TASK DETAILS =
Report all lines from the entries below in which "Hooks" appears.

Stored data:
'''

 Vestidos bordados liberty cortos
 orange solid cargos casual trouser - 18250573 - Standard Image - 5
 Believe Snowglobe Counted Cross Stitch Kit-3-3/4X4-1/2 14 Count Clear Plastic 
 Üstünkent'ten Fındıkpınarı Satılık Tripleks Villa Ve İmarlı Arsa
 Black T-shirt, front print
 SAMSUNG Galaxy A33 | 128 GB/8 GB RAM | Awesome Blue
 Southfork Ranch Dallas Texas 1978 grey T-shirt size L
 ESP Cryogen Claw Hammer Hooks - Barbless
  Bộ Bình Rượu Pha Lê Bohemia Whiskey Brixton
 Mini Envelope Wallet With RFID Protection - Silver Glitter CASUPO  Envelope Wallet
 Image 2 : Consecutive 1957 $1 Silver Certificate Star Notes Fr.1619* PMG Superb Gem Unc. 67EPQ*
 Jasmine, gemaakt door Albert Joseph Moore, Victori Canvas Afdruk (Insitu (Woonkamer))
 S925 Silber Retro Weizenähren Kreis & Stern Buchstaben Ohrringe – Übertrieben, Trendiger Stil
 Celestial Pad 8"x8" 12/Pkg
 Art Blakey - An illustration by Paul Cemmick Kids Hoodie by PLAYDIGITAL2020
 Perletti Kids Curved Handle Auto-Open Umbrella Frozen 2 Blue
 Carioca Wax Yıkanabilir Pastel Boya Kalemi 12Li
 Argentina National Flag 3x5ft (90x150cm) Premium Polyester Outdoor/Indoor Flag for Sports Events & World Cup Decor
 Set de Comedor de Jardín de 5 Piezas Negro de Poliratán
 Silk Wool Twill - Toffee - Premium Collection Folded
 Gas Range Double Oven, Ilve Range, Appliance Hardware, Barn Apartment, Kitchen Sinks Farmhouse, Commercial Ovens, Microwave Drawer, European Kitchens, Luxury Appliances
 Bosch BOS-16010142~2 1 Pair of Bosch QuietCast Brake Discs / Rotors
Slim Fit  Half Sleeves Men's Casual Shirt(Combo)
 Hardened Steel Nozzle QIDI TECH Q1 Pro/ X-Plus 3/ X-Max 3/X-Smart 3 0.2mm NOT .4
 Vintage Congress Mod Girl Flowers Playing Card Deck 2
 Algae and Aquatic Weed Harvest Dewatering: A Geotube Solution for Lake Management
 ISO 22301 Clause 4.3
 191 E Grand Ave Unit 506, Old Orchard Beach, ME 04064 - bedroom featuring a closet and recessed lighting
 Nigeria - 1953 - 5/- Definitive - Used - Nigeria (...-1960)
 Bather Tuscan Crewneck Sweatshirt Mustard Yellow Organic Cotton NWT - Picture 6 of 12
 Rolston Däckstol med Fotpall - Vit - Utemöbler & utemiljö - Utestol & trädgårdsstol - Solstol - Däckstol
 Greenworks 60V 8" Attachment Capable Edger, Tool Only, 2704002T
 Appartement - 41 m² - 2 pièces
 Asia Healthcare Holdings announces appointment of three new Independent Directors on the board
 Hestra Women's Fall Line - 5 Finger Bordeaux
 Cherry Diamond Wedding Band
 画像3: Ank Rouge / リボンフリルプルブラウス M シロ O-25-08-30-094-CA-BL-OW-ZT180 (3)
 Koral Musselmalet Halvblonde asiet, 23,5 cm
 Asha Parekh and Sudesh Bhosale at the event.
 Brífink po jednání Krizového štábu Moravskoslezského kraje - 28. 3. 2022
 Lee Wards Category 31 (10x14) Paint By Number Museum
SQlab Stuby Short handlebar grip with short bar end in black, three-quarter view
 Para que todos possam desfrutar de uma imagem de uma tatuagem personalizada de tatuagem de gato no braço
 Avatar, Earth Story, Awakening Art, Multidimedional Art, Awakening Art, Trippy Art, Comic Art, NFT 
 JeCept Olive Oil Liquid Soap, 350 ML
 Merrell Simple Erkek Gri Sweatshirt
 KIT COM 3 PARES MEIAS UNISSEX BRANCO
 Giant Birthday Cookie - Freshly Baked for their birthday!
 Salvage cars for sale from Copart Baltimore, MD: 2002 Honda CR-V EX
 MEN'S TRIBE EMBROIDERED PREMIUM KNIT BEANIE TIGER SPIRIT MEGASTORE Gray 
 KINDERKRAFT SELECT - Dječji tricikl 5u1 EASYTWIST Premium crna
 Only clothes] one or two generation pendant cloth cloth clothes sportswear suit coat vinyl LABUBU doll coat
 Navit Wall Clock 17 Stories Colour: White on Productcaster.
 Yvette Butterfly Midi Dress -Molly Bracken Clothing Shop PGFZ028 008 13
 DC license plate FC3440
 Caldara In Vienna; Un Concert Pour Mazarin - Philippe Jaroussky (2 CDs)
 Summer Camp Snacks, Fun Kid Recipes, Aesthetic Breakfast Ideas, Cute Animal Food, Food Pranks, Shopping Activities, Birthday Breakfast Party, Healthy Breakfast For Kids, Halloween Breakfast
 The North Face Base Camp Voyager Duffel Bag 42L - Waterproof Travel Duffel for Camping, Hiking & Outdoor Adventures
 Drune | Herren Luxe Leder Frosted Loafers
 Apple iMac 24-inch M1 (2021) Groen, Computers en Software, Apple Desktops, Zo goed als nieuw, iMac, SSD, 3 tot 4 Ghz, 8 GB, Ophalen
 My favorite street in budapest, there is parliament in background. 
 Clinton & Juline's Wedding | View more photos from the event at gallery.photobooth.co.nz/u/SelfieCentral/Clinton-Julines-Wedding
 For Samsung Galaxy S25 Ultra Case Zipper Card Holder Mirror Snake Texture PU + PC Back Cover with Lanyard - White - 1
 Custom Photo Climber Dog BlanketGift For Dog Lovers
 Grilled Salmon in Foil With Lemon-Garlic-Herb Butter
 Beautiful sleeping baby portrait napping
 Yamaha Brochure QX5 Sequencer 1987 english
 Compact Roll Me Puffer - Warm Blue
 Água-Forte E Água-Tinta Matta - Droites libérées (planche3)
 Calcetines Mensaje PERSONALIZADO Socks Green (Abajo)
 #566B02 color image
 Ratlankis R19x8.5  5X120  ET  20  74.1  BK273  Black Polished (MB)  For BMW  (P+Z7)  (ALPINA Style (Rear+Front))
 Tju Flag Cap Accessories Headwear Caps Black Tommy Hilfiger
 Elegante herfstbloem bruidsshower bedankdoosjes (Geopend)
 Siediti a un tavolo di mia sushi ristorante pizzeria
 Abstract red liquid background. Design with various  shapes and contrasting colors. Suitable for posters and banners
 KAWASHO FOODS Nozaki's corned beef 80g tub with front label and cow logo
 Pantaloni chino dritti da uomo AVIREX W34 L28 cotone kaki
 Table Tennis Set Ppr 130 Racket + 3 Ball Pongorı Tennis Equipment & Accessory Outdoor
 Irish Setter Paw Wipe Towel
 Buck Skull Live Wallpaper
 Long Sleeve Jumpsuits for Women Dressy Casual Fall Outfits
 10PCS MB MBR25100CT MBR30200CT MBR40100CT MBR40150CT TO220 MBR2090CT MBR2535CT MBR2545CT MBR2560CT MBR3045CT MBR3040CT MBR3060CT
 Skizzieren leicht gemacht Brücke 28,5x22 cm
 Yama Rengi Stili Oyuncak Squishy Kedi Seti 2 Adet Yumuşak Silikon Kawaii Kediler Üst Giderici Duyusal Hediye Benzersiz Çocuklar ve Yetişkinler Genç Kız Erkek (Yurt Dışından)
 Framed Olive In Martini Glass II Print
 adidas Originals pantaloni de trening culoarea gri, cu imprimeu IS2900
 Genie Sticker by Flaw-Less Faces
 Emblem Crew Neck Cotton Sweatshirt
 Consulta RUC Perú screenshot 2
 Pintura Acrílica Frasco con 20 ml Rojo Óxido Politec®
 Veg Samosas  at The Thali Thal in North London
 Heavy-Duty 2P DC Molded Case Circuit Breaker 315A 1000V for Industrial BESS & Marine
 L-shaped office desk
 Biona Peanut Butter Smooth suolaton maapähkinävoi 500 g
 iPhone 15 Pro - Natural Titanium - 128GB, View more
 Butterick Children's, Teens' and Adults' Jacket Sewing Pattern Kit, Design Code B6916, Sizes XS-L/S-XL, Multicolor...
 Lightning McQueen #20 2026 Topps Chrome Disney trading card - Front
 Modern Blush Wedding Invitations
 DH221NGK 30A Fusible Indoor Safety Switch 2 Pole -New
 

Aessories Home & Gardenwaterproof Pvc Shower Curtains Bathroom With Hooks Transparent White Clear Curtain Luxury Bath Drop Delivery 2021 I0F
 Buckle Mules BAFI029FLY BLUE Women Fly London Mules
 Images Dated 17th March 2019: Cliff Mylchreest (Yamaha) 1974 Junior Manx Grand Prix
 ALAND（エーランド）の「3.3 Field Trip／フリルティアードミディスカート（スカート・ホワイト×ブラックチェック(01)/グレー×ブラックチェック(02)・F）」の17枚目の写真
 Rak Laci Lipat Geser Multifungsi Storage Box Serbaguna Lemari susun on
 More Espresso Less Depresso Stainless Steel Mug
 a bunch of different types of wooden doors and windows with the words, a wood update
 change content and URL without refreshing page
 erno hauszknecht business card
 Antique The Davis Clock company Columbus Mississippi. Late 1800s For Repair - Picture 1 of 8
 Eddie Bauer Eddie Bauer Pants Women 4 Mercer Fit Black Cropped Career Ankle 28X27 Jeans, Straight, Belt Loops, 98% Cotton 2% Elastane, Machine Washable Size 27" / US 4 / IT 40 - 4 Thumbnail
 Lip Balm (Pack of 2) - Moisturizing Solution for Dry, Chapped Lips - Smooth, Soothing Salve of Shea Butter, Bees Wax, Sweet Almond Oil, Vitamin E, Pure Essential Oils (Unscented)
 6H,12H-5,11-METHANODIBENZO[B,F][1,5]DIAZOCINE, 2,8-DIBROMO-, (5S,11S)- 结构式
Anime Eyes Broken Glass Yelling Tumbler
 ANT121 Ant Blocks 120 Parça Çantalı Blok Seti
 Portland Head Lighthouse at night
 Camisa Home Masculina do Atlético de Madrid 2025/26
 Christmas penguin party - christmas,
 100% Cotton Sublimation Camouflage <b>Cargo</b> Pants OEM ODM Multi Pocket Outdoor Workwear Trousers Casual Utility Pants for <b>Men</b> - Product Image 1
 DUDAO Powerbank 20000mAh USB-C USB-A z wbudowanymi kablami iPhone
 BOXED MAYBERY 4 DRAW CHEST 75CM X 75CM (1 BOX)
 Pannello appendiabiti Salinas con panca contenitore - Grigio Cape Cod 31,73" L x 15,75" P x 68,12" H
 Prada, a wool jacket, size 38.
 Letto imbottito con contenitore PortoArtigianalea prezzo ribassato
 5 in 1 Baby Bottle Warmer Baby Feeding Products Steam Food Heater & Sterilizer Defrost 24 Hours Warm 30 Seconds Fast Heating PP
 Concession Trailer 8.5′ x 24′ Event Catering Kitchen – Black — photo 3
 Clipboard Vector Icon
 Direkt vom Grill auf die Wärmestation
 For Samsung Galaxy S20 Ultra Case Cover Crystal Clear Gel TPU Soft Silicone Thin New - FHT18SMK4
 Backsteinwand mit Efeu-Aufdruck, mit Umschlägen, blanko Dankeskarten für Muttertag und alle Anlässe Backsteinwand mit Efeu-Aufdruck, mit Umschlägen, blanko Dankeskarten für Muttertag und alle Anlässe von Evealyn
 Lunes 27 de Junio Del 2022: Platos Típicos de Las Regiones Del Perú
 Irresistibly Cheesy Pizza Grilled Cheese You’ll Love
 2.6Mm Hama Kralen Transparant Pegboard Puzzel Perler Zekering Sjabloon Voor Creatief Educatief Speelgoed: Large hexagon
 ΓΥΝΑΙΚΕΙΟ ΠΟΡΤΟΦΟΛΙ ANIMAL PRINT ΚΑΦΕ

'''

ANSWER TO THE EXERCISE =
 ESP Cryogen Claw Hammer Hooks - Barbless
Aessories Home & Gardenwaterproof Pvc Shower Curtains Bathroom With Hooks Transparent White Clear Curtain Luxury Bath Drop Delivery 2021 I0F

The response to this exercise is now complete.